The third drawback of progressive entitlements applies to foreign policy. The two original progressive presidents, Theodore Roosevelt and Woodrow Wilson, took diverse paths. Both departed from America’s self-absorption, taking their country into the world to achieve something more than an experiment in self-government, conducted on behalf of mankind (as in Federalist 1), but isolated from the rest of mankind. Roosevelt, with his enthusiastic manliness, shook his country into an aggressive policy of mini-imperialism in Panama, Cuba, and the Philippines, whereas Wilson set forth a different, humanitarian drama, renouncing imperialism, when he led America into war with the aim of making the world safe for democracy in general, not only for itself. Franklin Roosevelt took up the cause of the democracies versus the dictators, and he was followed by his progressive successors Truman, Kennedy, and Johnson. But Johnson was forced into retirement by the “peace movement” in his own party against the war in Vietnam. Since then, progressives have been pacifists, and Democrats have wavered between pacifism and responsible, yet reluctant, support for military action. They are uncertain whether America has a cause that justifies putting itself first and going to war. This means that they are uncertain whether progress has occurred, is under way, or is worth defending and promoting.
Such uncertainty produces a foreign policy, now seen in the Obama administration, that looks weak to allies as well as enemies, and therefore is weak. “Soft power,” its unofficial self-description, is effective in tandem with hard power—that is, when accompanied with the threat and occasional use of coercion—but when it is seen as on its own, enemies smell weakness. The test of belief is the willingness to stand up for it, and the test of standing up is willingness to fight.
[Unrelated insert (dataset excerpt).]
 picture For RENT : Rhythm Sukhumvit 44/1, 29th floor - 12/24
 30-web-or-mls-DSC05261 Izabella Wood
A country that does not believe in itself enough to fight will not be believed by others. The party leading that country may find itself in trouble with a more resolute electorate, as did the Democrats in 1980, when they failed to resolve the Iran hostage crisis. That crisis was resolved by the American people’s electing Ronald Reagan president, an instance of successful menace, or soft power.
Ultimately, then, the inevitability of progress undermines itself. Progress was founded as the overall aim of modernity to apply reason to human society in order to overthrow the unreason of custom, prejudice, and superstition. But progressive reason has lost control because it no longer believes in the power of reason to state clearly and convincingly what progress consists in. Modern reason wanted to bring civilization out of feudal barbarism, but what is civilization now? It is nothing but “multiculturalism,” a hodge-podge of irrational and inconsistent beliefs, and the progress toward it is described by progressives themselves as value-neutral social change. This fundamental unbelief is reflected in the three weaknesses in practice of the idea of inevitable progress: submission to bureaucracy, self-indulgence in debt, and loss of control in foreign policy.
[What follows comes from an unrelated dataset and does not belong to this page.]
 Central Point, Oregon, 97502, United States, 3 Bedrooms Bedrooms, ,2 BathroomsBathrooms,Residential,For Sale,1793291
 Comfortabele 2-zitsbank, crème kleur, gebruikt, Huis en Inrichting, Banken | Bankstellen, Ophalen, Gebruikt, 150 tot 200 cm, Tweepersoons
With so much vulnerability for conservatives to take advantage of, it might seem a surprise that the Democrats do as well as they do in elections, winning at least half the time and sustaining without a single major loss the entitlements they had been responsible for enacting. Conservatives like to think that the drawbacks in progress represent reality obstructing the way of wishful liberal progress, but are they enough to stop it or kill the belief in it? Belief in the inevitability of progress is a major part of the reality that conservatives must address, for they, too, have their delusions—particularly, the one they share with liberals: that people will rationally adjust to reality. They may indeed adjust—but not rationally, or in time to prevent a crash or crisis by electing conservatives. To explain this, one must keep in mind the ease of enjoying entitlements together with the political advantage of the Democrats in what is, after all, a democracy. We have entered but not yet described the politics as opposed to the idea of progress.
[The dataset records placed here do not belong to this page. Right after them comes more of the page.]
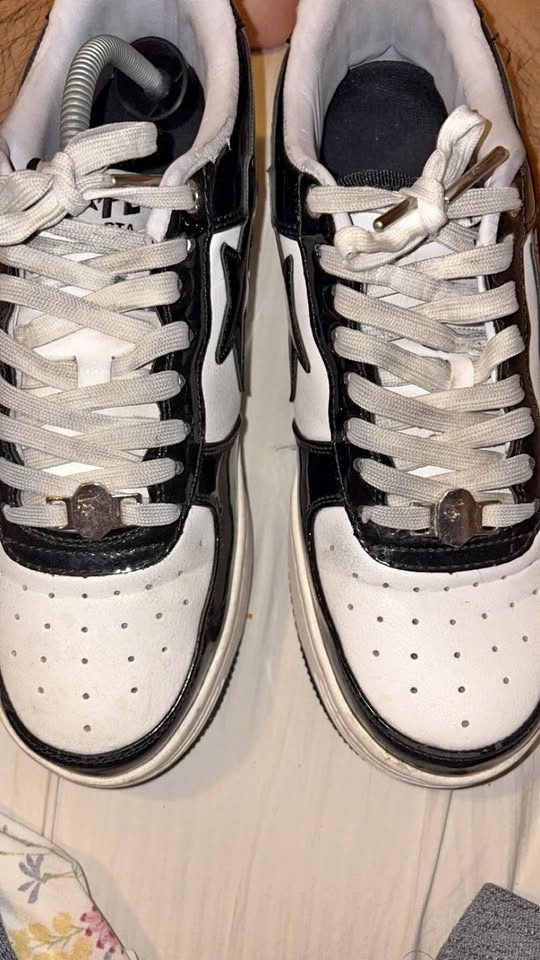 Black and white bapestas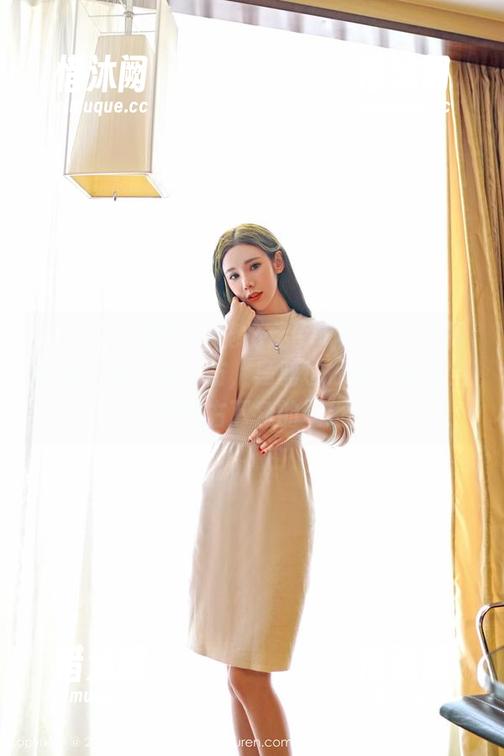 Feilin嗲囡囡 - 施忆佳KITTY的水手服原图，完全不设防，乌鸦也惊呆，真想当我桌面右下角的壁纸。
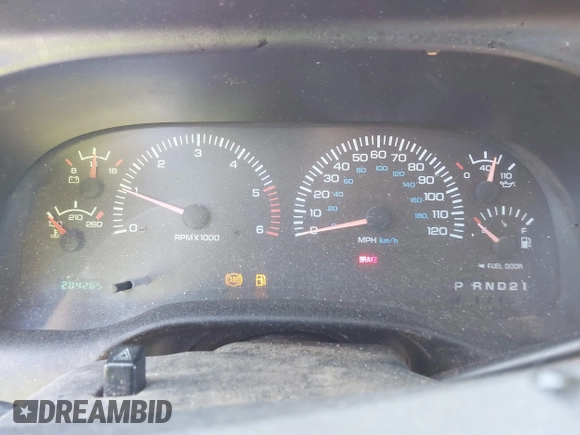 2001 Dodge 1500 z VIN 3B7HC13YX1G238646, wystawiony jako IAAI lot #41910125 z przebiegiem 204 265 mil mil oraz . Historia ofert i sprzedaży dostępna na DreamBid. Obrazek 7.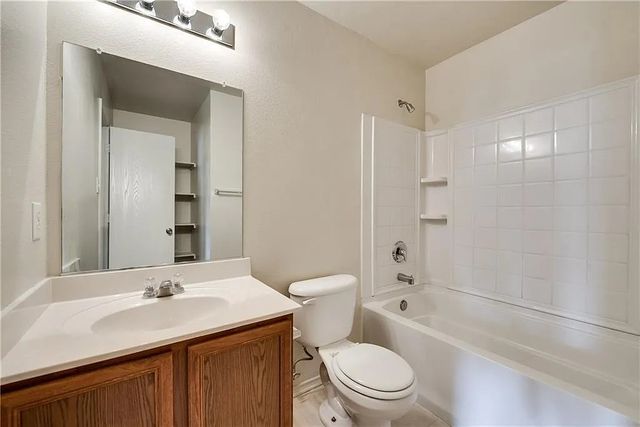 1109 Boxwood Drive, Crowley, TX 76036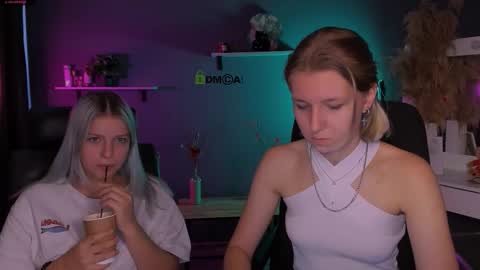 kaela_spell_ online show from October 2025 05:38:02 AM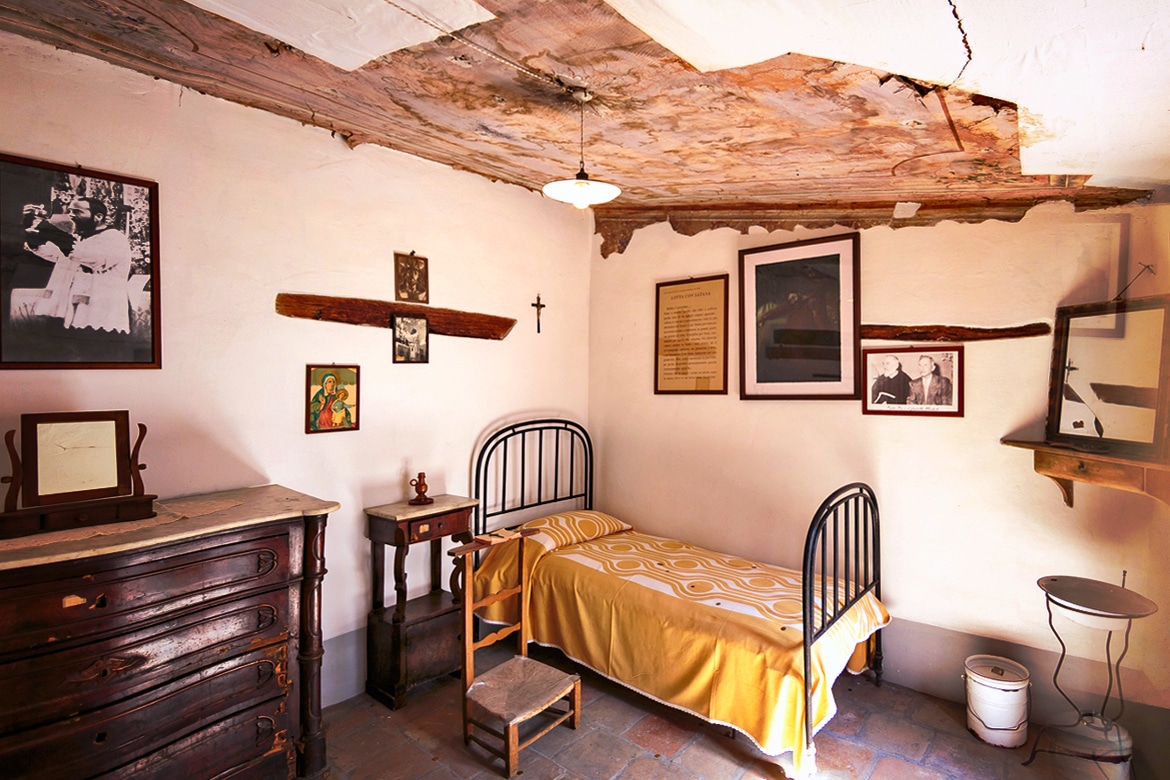 Padre Pio of Pietrelcina: The house on Santa Maria degli Angeli street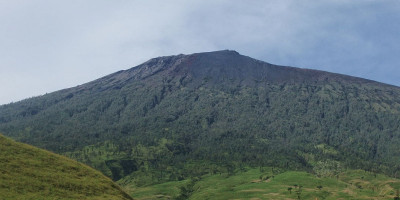 Aktivitas Vulkanik Gunung Rinjani Dilaporkan Meningkat, Erupsi Dapat Terjadi Tiba-tiba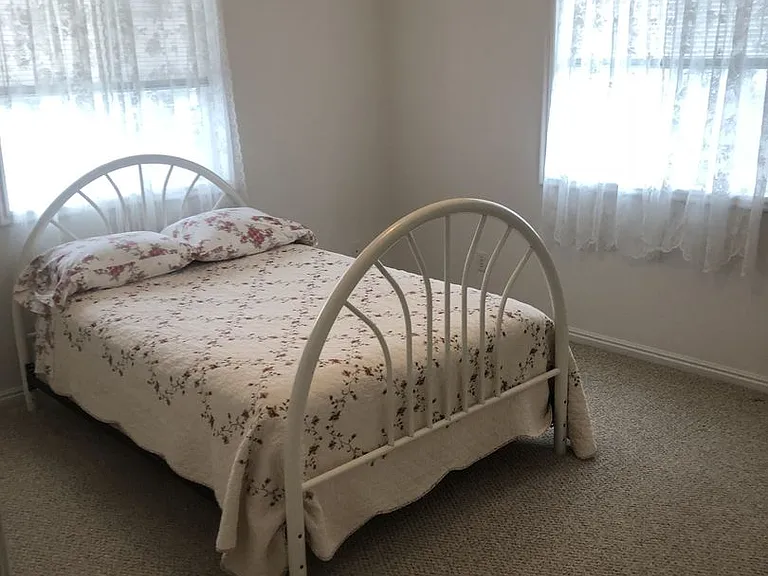 216 Susan Dr — Photo 9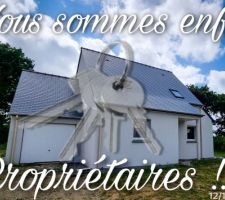 Ça y est, après 2 ans et 6 mois d'attente, dont 13 mois et 5 jours de construction nous sommes enfin propriétaires ??.??
Maintenant place au ponçage, à la peinture et au déménagement ????.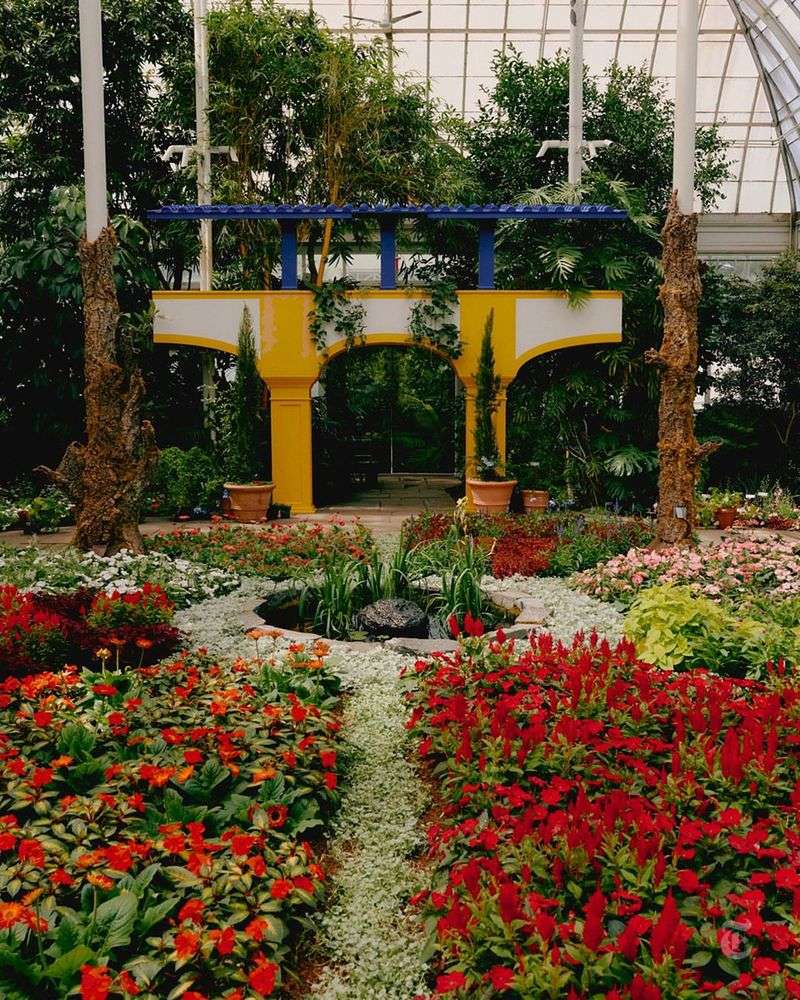 Photography Rules Vary By Garden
It is an agreeable thing to be taken care of by someone else, and it is not difficult for a democratic people to conclude that such care is a right of those not so well off against those better off. Facilis descensus Averno. Under the original Progressives and in the New Deal, people accepted that the benefits of government care should preserve the incentive to work; but in time, this point was no longer sustained. In 1972, the Democratic presidential candidate, George McGovern, went so far as to proclaim his clever slogan, “A job for every American who wants one.” Here is the manufacture of an alliance between the working class and the hippie class, a sign of political skill in the Democrats, even if it didn’t work for McGovern. In the entitlement society, attention shifts from producers to consumers, which is also a shift from workers to nonworkers, and if the suggestion is permitted, from men to women. It is not that less work is done; in fact, middle-class, educated women work much more than they used to, as they explore rewarding careers while still slaving away at home.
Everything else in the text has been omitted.